Dom gets it back together in time for the fall term. He'd been on sabbatical the year before, nominally research for the book, but the book lay abandoned somewhere in the study, half-constructed notes scribbled on college-rule paper. Really, it was more like a way to finagle paternity leave out of the university, with a side of research. Then Mal died, and Dom's world fell apart. Coming back to school feels strange. It gives him deja vu, the little rhythms the same with different faces attached, and the big things--well, it feels like a different world, somehow.

They stick him with a new grad student as his TA in his psych 101 class. Her name is Ariadne.

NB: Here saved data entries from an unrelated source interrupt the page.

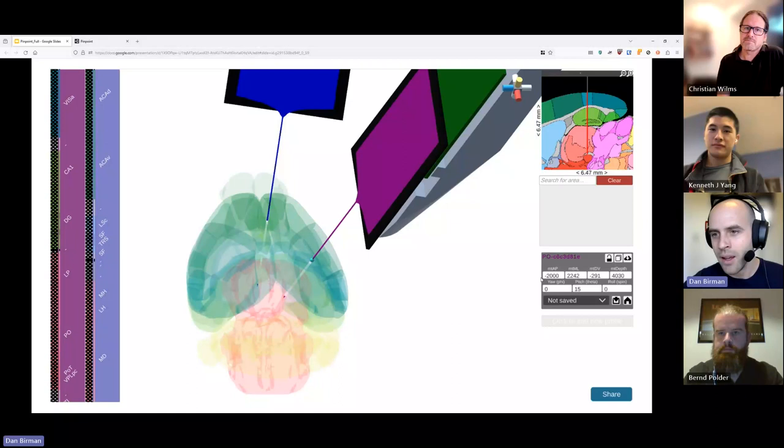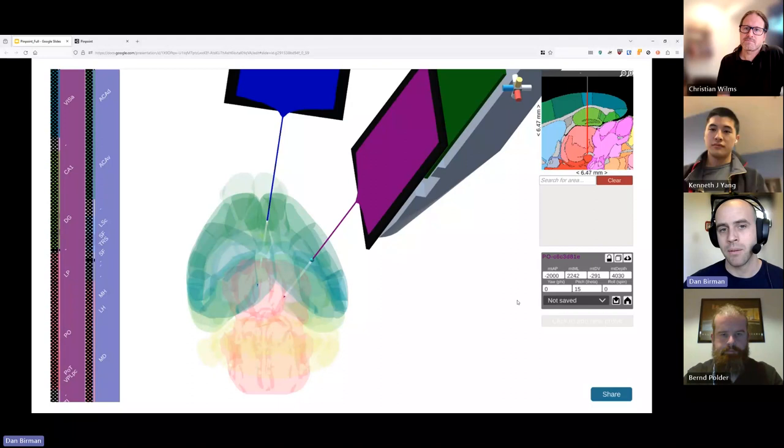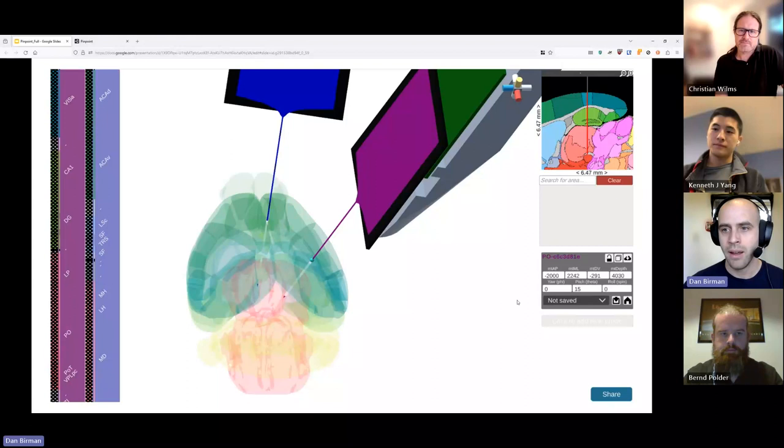Maybe the most important thing is the probe coordinates panel on the right side. It indicates the entry coordinate and the depth relative to some reference coordinate. We usually use Bregma by default for the mouse. These are the coordinates that you actually have to take with you to go and do your surgery and insert the probe in the brain.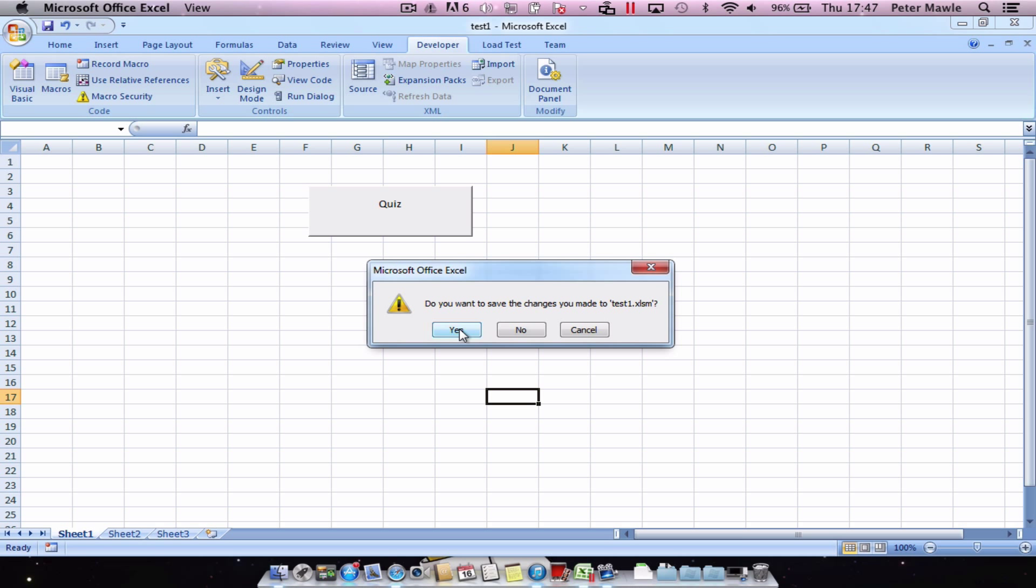If I was to open it without any changes it will just close straight away. Thank you for watching.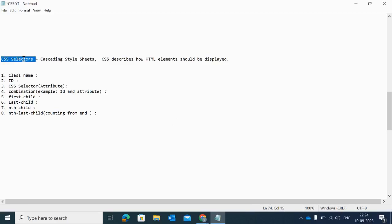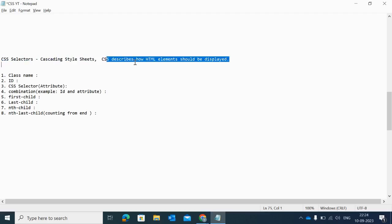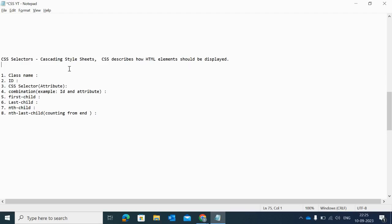Before starting, we need to know what exactly CSS is. CSS stands for Cascading Style Sheet, and CSS describes how HTML elements should be displayed. So on the web page, how the element should be displayed and represented — I'll show you multiple ways to write a CSS selector for finding a particular web element on the web page.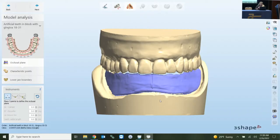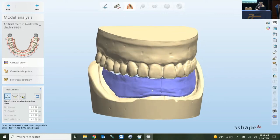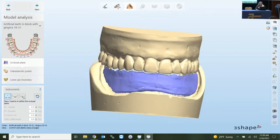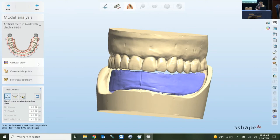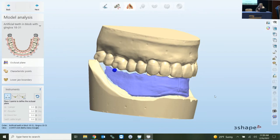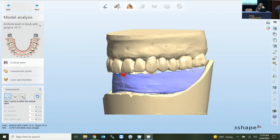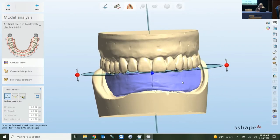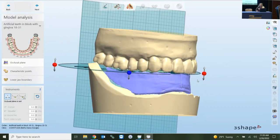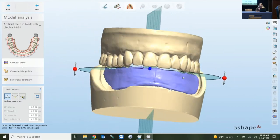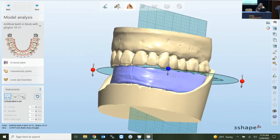I've opened up a denture workflow and the first thing we start with is the model analysis. It's asking us for the occlusal plane first, so we click on the right side posterior, the midline, and then the left side. It inserts the occlusal plane and sagittal planes, which you can adjust as needed for the case you're working on.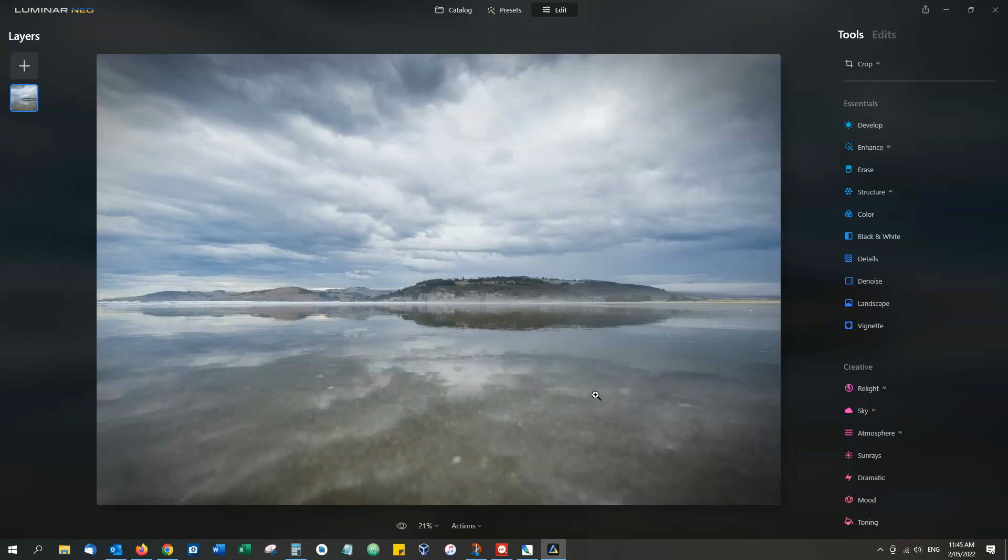Now originally when I reported on presets, I found them to be very good but with one glaring problem in that you couldn't save your own edited adjustments as a preset of your very own to use on future edits. However, you can now.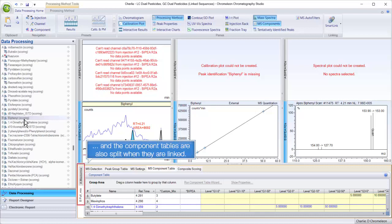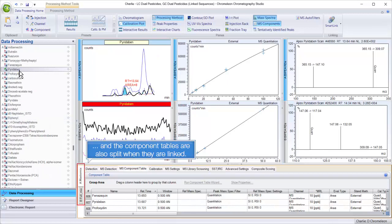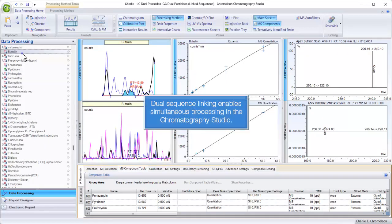The component tables are also split when they are linked. Dual sequence linking enables simultaneous processing in the chromatography studio.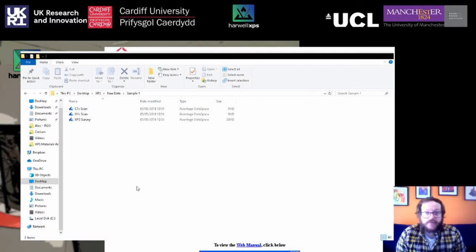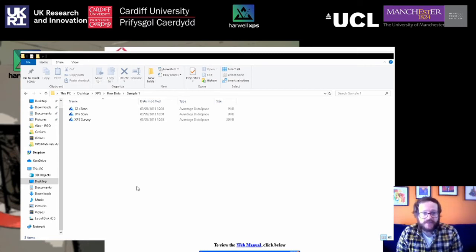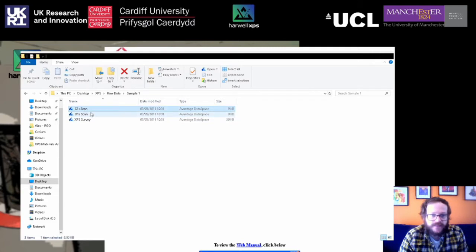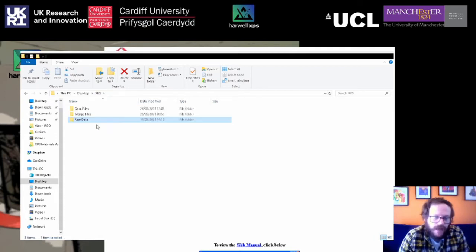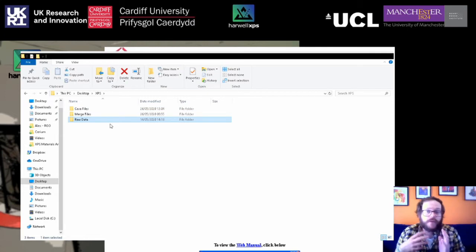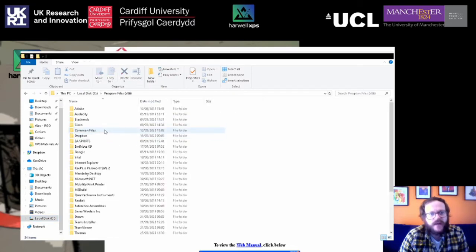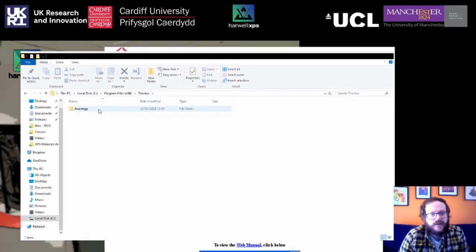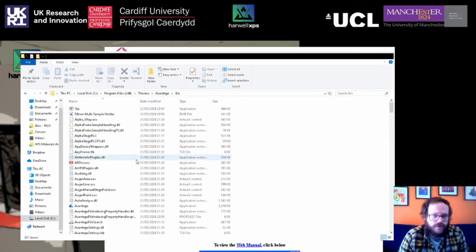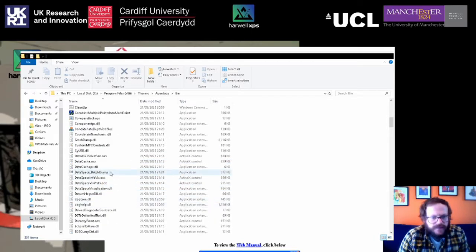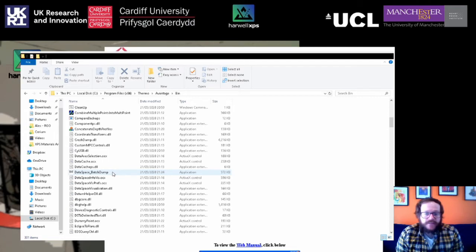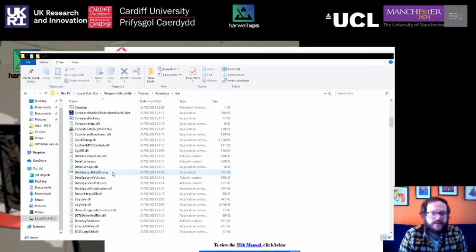I mentioned that we were going to be converting some data from Avantage format into CASA format. What you will have when you get your Avantage data are dataspace files. Create a folder for your raw ABG data, and then create another folder called CASA files — this is where we'll put the newly converted files. Head into Program Files, find Thermo and Avantage, and in the bin folder there is a program called DataSpace BatchUp. If you're on a computer connected to an instrument, this will hopefully be on the desktop; if not, you'll find it at that address.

She's brilliant and perspicacious and far too insightful for Dom's still-ragged edges, but she's also a quick grader and leads the discussion session better than the other two TAs he's been assigned for the class, even though they've both got two years' experience on her. Margo was in one of his upper level classes the year before last. She's bright, and she knows the material, obviously, but she's much more of a researcher and much less of a teacher, and it shows in the way she curls up in on herself at the front of the classroom. Roth, Dom never taught. He was new last year, when Dom was taking sabbatical, and his emphasis is in clinical psych, so it's unlikely Dom ever will. He's a tough grader and has an equally cutting sense of humour and claims the girls gang up on him.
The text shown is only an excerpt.